Published online by Cambridge University Press: 21 April 2011
I Have presupposed hitherto that those who read this book must have understood the various doctrines of the heresy, and the history thereof. In case, however, that some may be ignorant of the bases of the various assaults, I shall go through a few of the chief statements. Since they have gained form various people have claimed priority.
Farmer, in 1789, was the first real anti-Shaksperean; and Horace Walpole's Historic Doubts have been ranked in the list. But this present contest was really first broached in The Romance of Yachting, a novel written in 1848 by Hart, New York.
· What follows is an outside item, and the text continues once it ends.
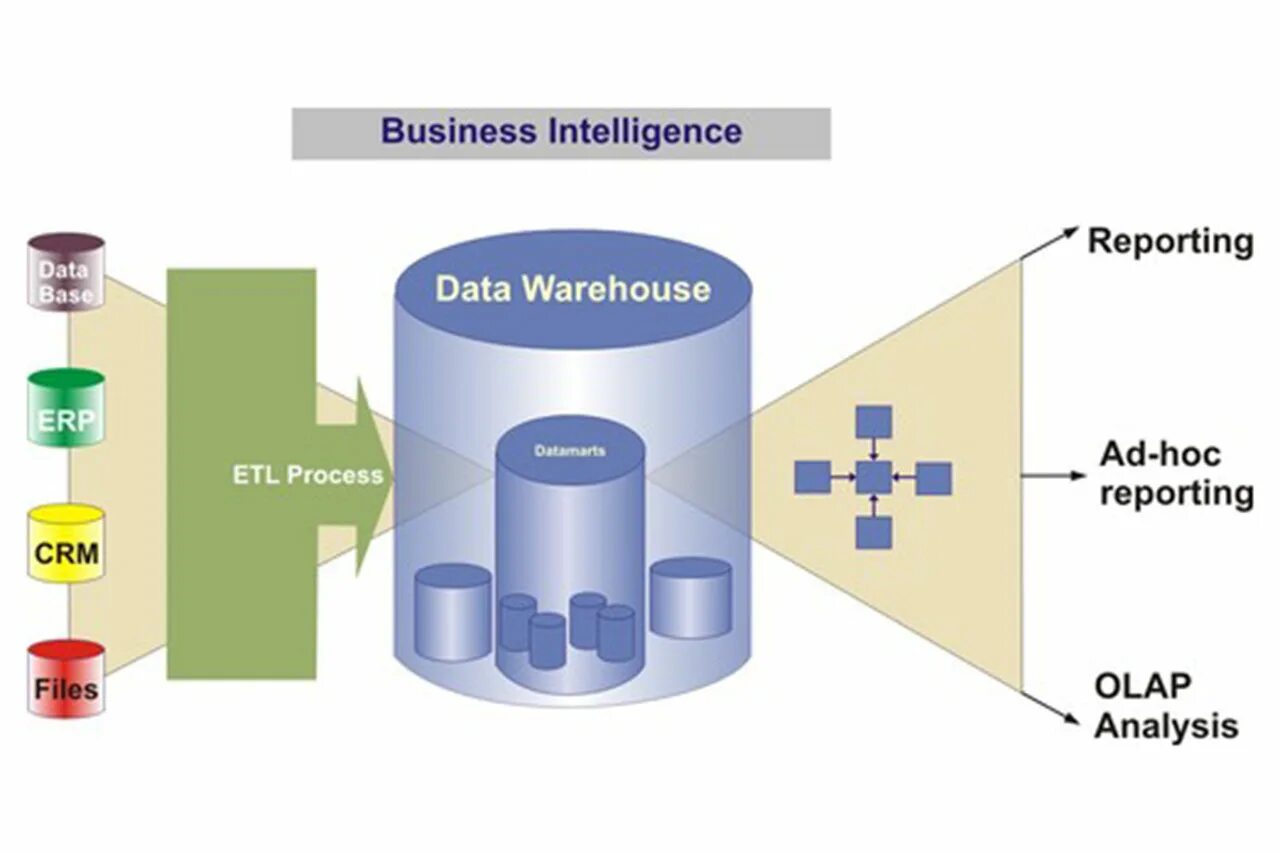 Хранилище данных. Bi системы. Аналитическое хранилище данных. Архитектура bi систем. Bi процессы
In August 7, 1852, in Chambers's Edinburgh Journal, Mr. Jamieson wrote the anonymous article, “Who wrote Shakespeare?” and suggested that he “kept a poet.”
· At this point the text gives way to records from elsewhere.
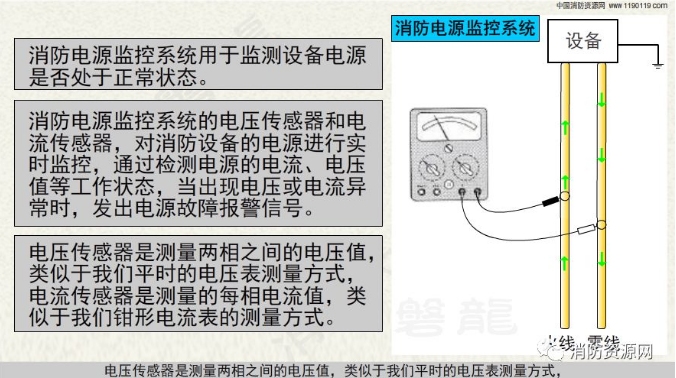 消防设备电源监控系统与电气火灾监控系统的区别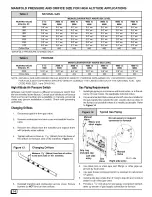 Preview for 14 page of ICP NDC7/GDL Series Installation Instructions Manual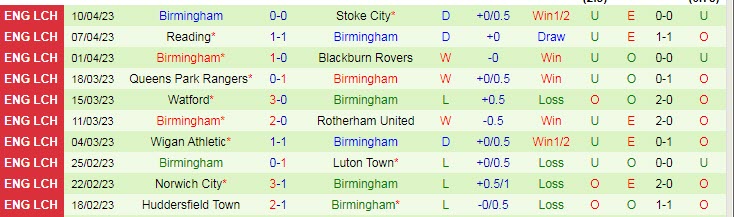 Nhận định, soi kèo Sunderland vs Birmingham, 21h00 ngày 15/4 - Ảnh 2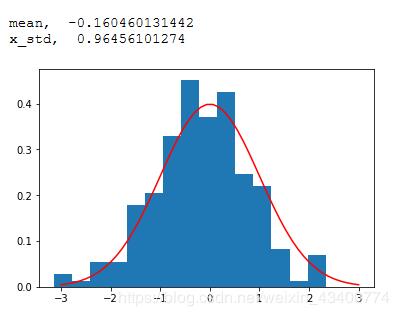 python簡單實現(xiàn)最大似然估計&scipy庫的使用詳解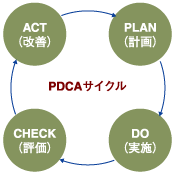 PDCAサイクルの模式図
Miss Delia Bacon's article on the Philosophy of Shakespeare's Plays Unfolded appeared in Putnam's Magazine for January 1856, and was afterwards reprinted. She held that the poet Shakspere kept was “Bacon,” and that he had used these plays to unfold his new philosophy. She was nevertheless so inconsistent as to dwell over every souvenir of Shakspere; to haunt the places where he had lived; to spend even a night in Stratford Church by his tomb; and to lose her reason in her perplexity. But she suggested the idea in America, where many subsequent writers took it up. Meanwhile in England Mr. William Henry Smith was working at it, and in 1857 he published his book Bacon and Shakespeare, an Inquiry touching Players, Playhouses, and Playwriters in the days of Elizabeth.